Gegen 23 Uhr - an einer von der Scharnhorststraße nicht einsehbaren Stelle - habe er das Loch gegraben. "Piefke", habe sein Chef ihm mit auf den Weg gegeben, "du brauchst gar nicht so tief ausheben". Denn: Die Grabtiefe für Juden ist niedriger als bei Christen, und der Sarg, in dem Siegmund Kratzenstein, in die Erde gelassen werden sollte, sei schlicht und ohne Dach gewesen. "Ich hatte Angst!", so Speckmann.
Reichsprogromnacht, 9. November 1938 - Siegmund Kratzenstein wird aus seinem Haus am Kastanienwall und vor die brennende Synagoge gezerrt, gepeinigt, verprügelt. Die Verletzungen, die ihm hinterher im Konzentrationslager Buchenwald zugeführt werden, überlebt er nicht. Nach seiner Entlassung stirbt er mit 62 Jahren in seinem Hamelner Haus. Es heißt, so Bernhard Gelderblom, im KZ habe man Kratzenstein den Buckel weggeprügelt.
An der heimlichen Beerdigung, einen Tag nach Ausheben des Grabes, nahmen nur wenige teil, erzählt Speckmann. Er selbst habe sich hinter Lebensbäumen versteckt und von dort aus die kurze Zeremonie beobachtet.

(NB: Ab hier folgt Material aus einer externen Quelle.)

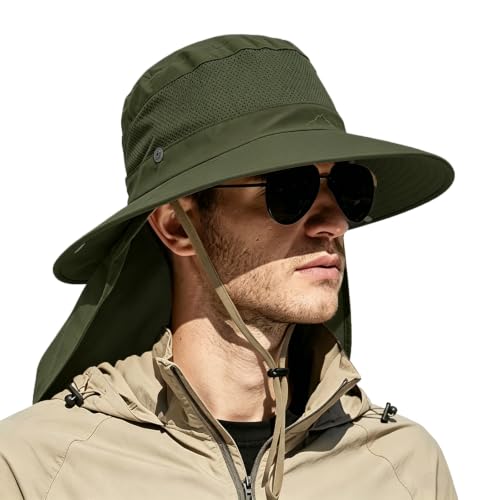 Image of Outdoor Sun Hats with Stowable Neck Flap for Men Women UPF 50+ Mesh Summer Bucket Hat Wide Brim for Fishing Safari Hiking
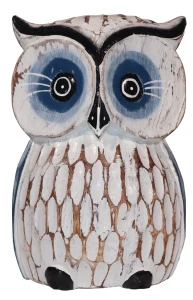 Sowa z drewna - 20 cm / 3 kolory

Das Grab wurde zugeschüttet, ebenerdig, und ohne Kennzeichnung zurückgelassen.
Vor wenigen Tagen nun hat Rachel Dohme Kontakt zu den Nachfahren Kratzensteins in Australien aufgenommen, um mit ihnenüber das Aufstellen eines Grabsteins zu sprechen. "Ein dauerhaftes Gedenken an diesen Mann", sagt auch Gelderblom, "wäre wunderbar". Wenn die Verwandten ihre Einwilligung geben, soll auch der Platz bekannt gegeben werden, an dem Dr. Siegmund Kratzenstein, ? 28.11.1938, begraben liegt.